Washington state Reps. Matt Shea (R), Cary Condotta (R), Jason Overstreet (R) and Jim McCune (R) apparently believe that the U.S. dollar itself is unconstitutional because it is not gold or silver. Worse, if a bill they introduced late last week should become law, this strange vision of the Constitution would be written directly into their state’s law. According to their bill,
Only gold and silver may be recognized as government legal tender under Article I, section 10 of the United States Constitution, which gives the states the power to enact gold and silver based legal tender laws, “no state shall . . .; make any Thing but gold and silver Coin a Tender in Payment of Debts.” . . . The general government has failed to abide by Article I, section 8 of the United States Constitution: “To coin Money, regulate the Value thereof and of foreign Coin, . . .” and provide market value for gold and silver coins for circulation as currency among the states.
All of this, of course, is constitutional gobbledygook. While it is true that the Constitution does forbid states from making something other than gold or silver into legal tender, the American dollar is a creation of the federal government — which is an entirely different thing than the states! Likewise, there is nothing in the Constitution that requires the federal government to “coin” gold or silver money. The Constitution gives Congress the power to mint such coins if it wants to.

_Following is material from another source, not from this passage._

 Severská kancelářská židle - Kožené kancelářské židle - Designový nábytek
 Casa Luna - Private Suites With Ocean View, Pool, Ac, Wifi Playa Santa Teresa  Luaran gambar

It also, however, permits the United States to “regulate commerce with foreign nations, and among the several states, and with the Indian tribes.” Creating a national currency that can be used for all commercial transactions throughout the United States easily fits within this power. The Supreme Court also upheld America’s power to use a paper currency as recently as the 1800s, although it relied upon somewhat more complex reasoning.
Nevertheless, strange bills intended to undermine the U.S. dollar have popped up across the nation — many of which attempt to make bizarre changes to how a state or its citizens do business. A Georgia bill, for example, forbids anyone from doing business with the state unless the transaction is conducted with gold or silver coins. Similarly, a Utah bill would allow citizens to mint their own gold and silver coins.